We live in a small village (980 people) just on top of Lake Huron in Northern Ontario..
We moved in this area when I retired in 1997 from Montreal and simply love the quiet life..
We have an "A" Frame house sitting on one acre of land sourrounded by forest.. Loads of wild animals such as Black Bears, Foxes, Grey Wolves, Timber Wolves, Coyotes, Racoons, Deer, Moose, and tons of Rabbits..

Our village doesn't have very many stores but we seem to get almost everything except a grocery store which is about 25kms east from us..

Winters are long and somewhat cold, but that is what we want as we do enjoy the out of doors in winter as well as the summer..

I have a Bass boat and do lots of fishing in season..  All kinds of fish but mostly Musky.. Fill up the freezer with our caught fish for winter.......
We have a travel trailer (21ft. Prowler) that we use often in the summer to get away..

I can go on and on but I think this pretty well sums it up..........

Like my dear wife says.... "Its a great life if you don't weaken"......


----------



## littleowl (May 17, 2014)

Our Village


----------



## Bullie76 (May 17, 2014)

littleowl said:


> Our Village



Very nice. 

I grew up and live in central Mississippi.
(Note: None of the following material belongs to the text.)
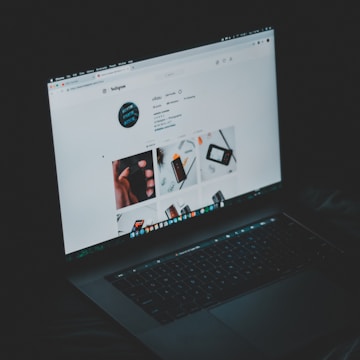 A laptop displaying an Instagram profile page, emitting a soft glow in an otherwise dark environment. The screen shows a grid of images and profile details, including followers and posts.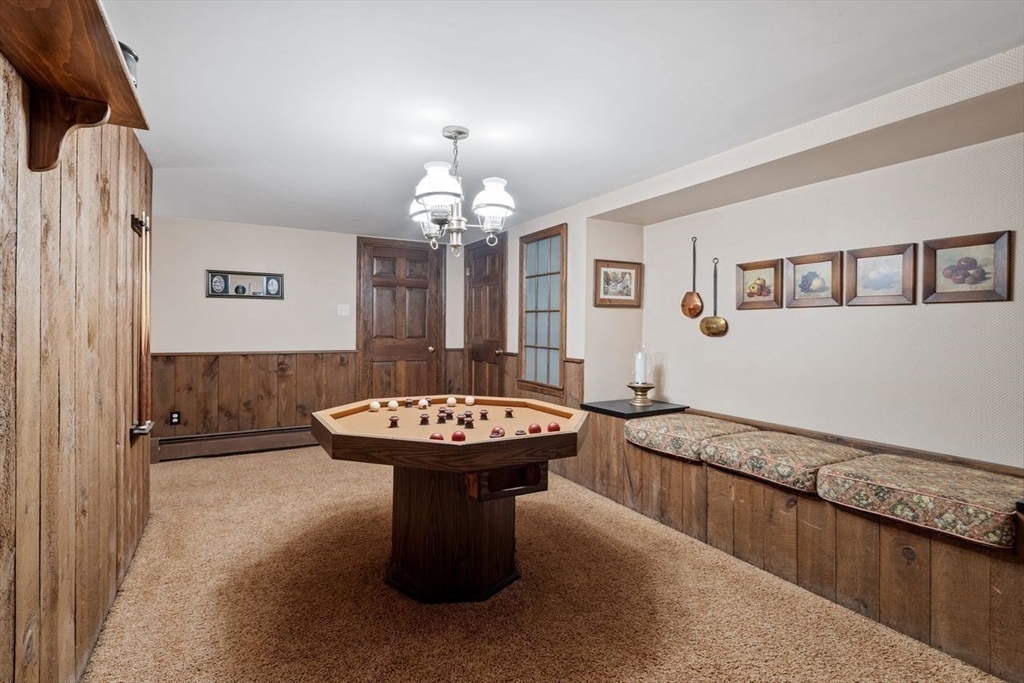 17 Enfield Drive Andover, MA 01810 - Photo 30 of 37 a bathroom with a sink a mirror and a bathtub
My town(pop 40k) is fairly small, but big enough for me. Pretty terrain with nice rolling hills. Nothing like the flatlands of the MS delta. 

I also have a condo on the AL coast with a pretty view of one of the back bays. Totally different environment from my home town with a lot more people during the tourist season. A nice change for me, but nothing like going back home after a visit.


----------



## Justme (May 17, 2014)

We live in a semi-rural village where the people are very friendly.


----------



## Kaya (May 17, 2014)

Is that what is called a thatched roof, littleowl? Love it!


----------



## Ruth (May 24, 2014)

I grew up in one of the largest southern cities in the South (USA). At retirement we moved 100 miles away to a small agricultural town of 30,000 population and lived among horse pastures and corn fields for 12 years. Newly divorced, I am back in my big city. 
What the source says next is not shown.